Stacking Regressor -> RMSE: 104.675, R2: 0.775


In [21]:
# Summarize results in a table
results = pd.DataFrame({
    'model': ['Decision Tree (max_depth=6)', 'Linear Regression', 'Bagging Regressor', 'Gradient Boosting Regressor', 'Stacking Regressor'],
    'RMSE': [rmse_dt, rmse_lr, rmse_bag, rmse_gbr, rmse_stack],
    'R2': [r2_dt, r2_lr, r2_bag, r2_gbr, r2_stack]
}).sort_values('RMSE').reset_index(drop=True)

results


Unnamed: 0,model,RMSE,R2
0,Stacking Regressor,104.67467,0.774615
1,Gradient Boosting Regressor,107.405467,0.762701
2,Bagging Regressor,130.484882,0.649762
3,Decision Tree (max_depth=6),135.115449,0.624463
4,Linear Regression,183.277847,0.309025


## Final Analysis & Conclusion

**1. Comparative summary**

- The table above lists RMSE and R² for all models.
- The best model with the lowest RMSE is Stacking Regressor
- A significant drop in RMSE from baseline is observed moving from Bagging Regressor to Gradient Boosting Regressor. 

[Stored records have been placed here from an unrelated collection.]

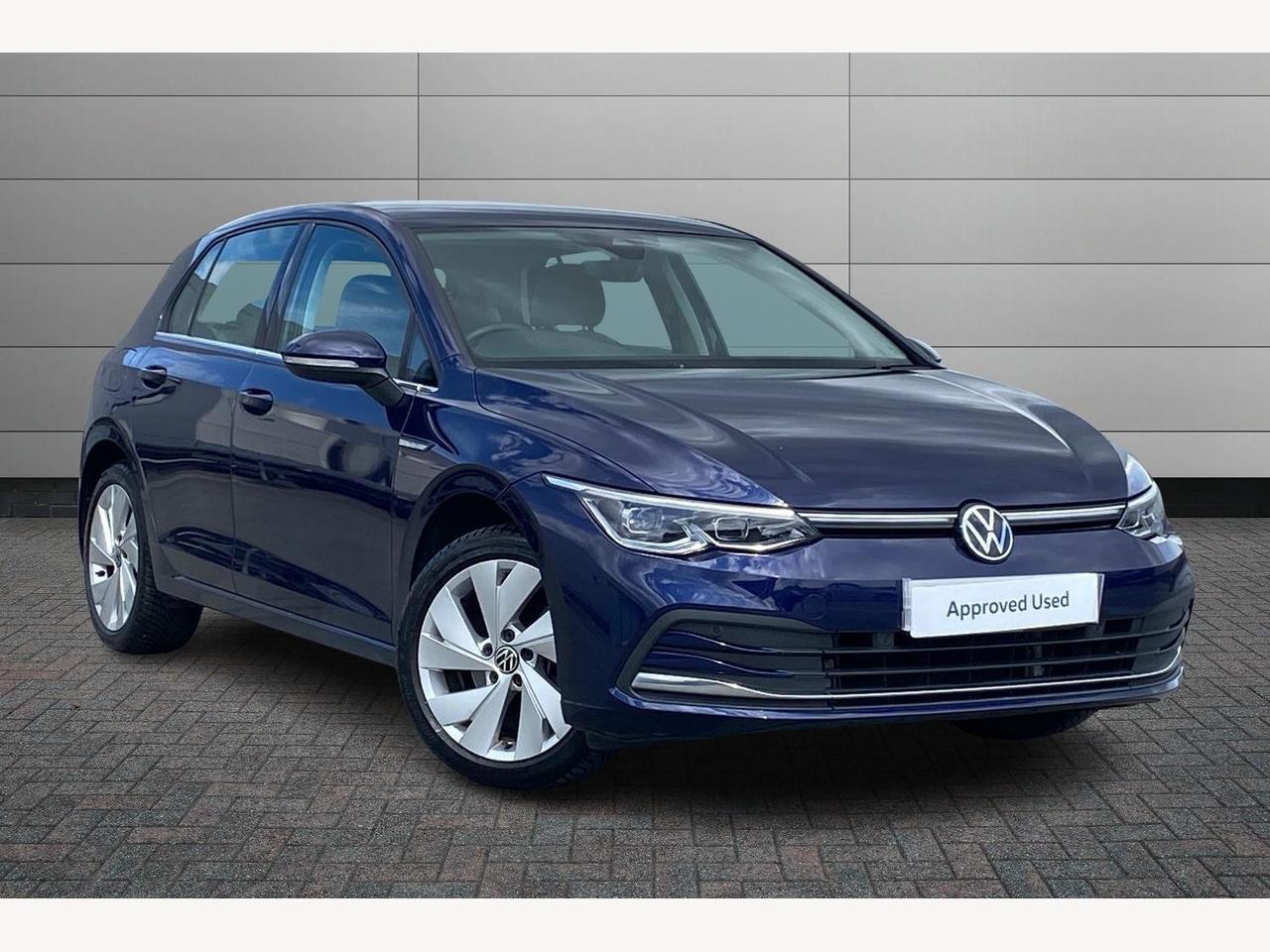 Main listing image - Volkswagen Golf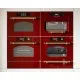 Built-in oven Nostalgie 645NHSW1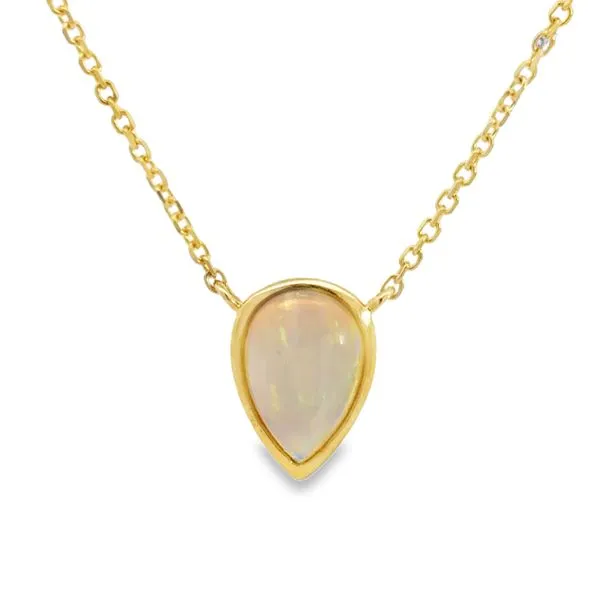 Colored Gemstone Necklace Miner's Den Jewelers Royal Oak, MI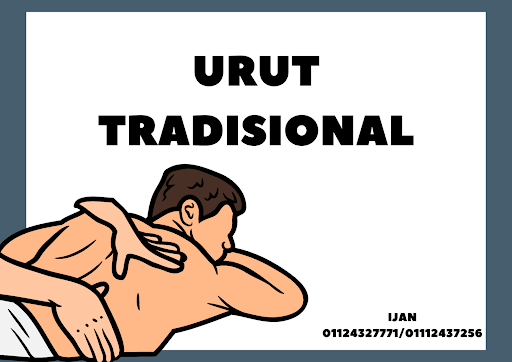 URUT TRADISIONAL TAMAN SEPADU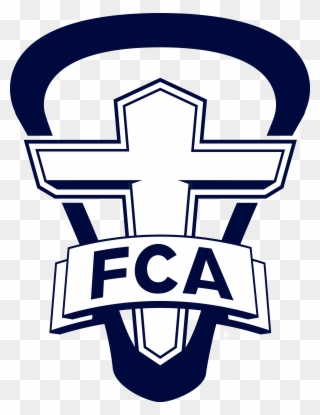 Fca Clip Art - Fca Lacrosse Logo - Png Download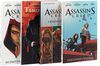 Assassins Creed. книги, комиксы, артбуки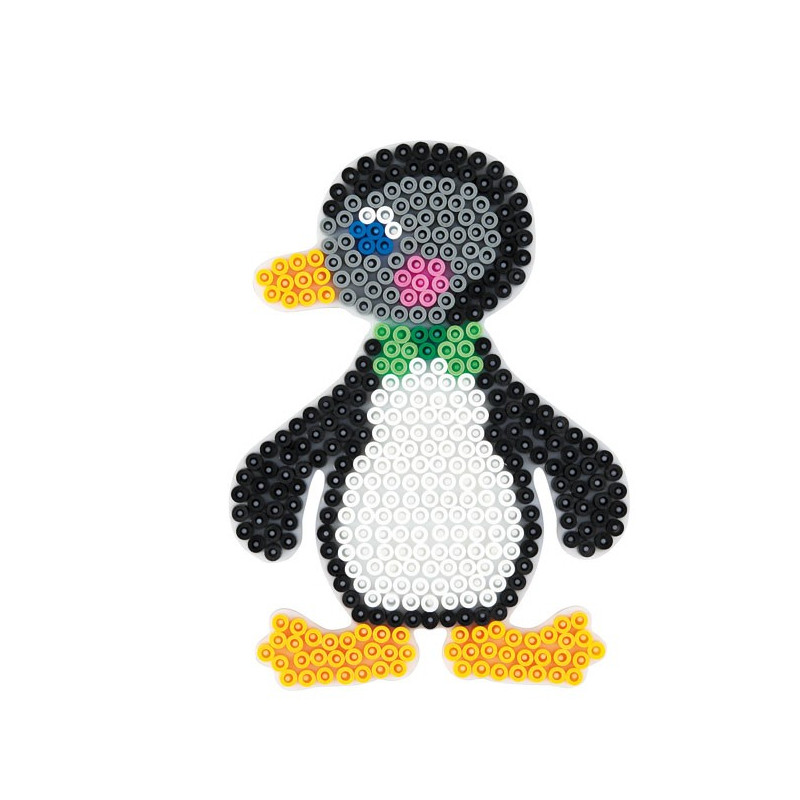 Hama Ironing Beads Sign-Penguin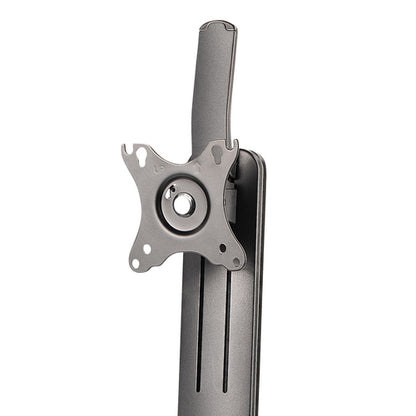 FREE STANDING SINGLE MONITOR MOUNT ERGONOMIC VESA MOUNT STAND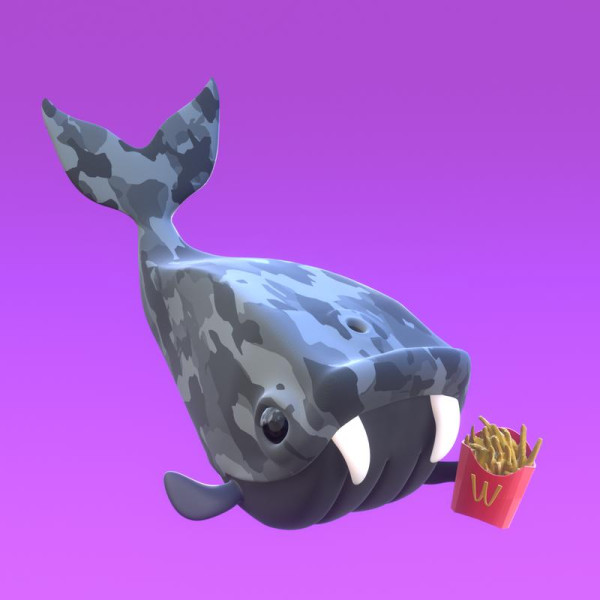 Whale #494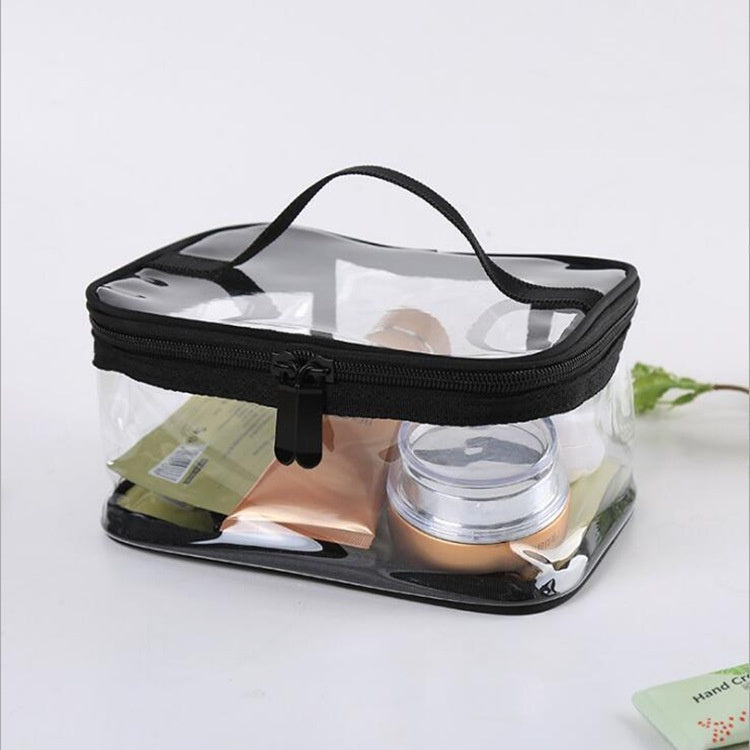Transparent Makeup Storage Bag Waterproof Travel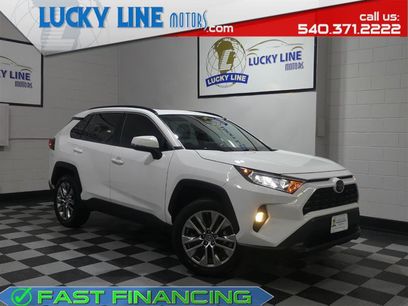 Used 2019 Toyota RAV4 XLE Premium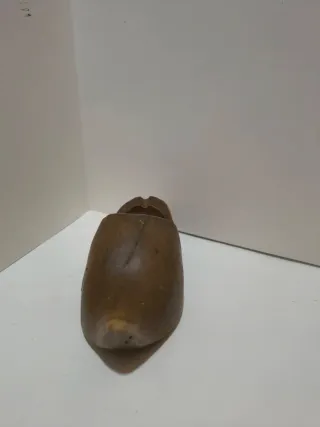 Zoccolo antico posacenere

**2. Why stacking (or the best ensemble) outperformed the single model**

- **Bagging** reduces variance by averaging many high-variance base learners (decision trees). If a single tree overfits particular temporal patterns, bagging smooths those idiosyncratic fits.
- **Boosting** reduces bias by sequentially fitting residuals; it can capture complex nonlinear relationships that linear models miss.
- **Stacking** benefits from model diversity: KNN captures local similarity structure, bagging yields low-variance tree ensembles, and gradient boosting captures complex nonlinear interactions. The Ridge meta-learner learns an optimal linear combination of these predictions, often producing better generalization than any individual model.

**3. Practical considerations & further improvements**

- Hyperparameter tuning (GridSearchCV / RandomizedSearchCV or using time-series-aware CV) for each model may further reduce RMSE.
- `XGBoost` / `LightGBM` can be used for improved boosting performance.

**4. Reproducibility**
- Random seeds set to `42`.
- Train/test split preserved temporal order.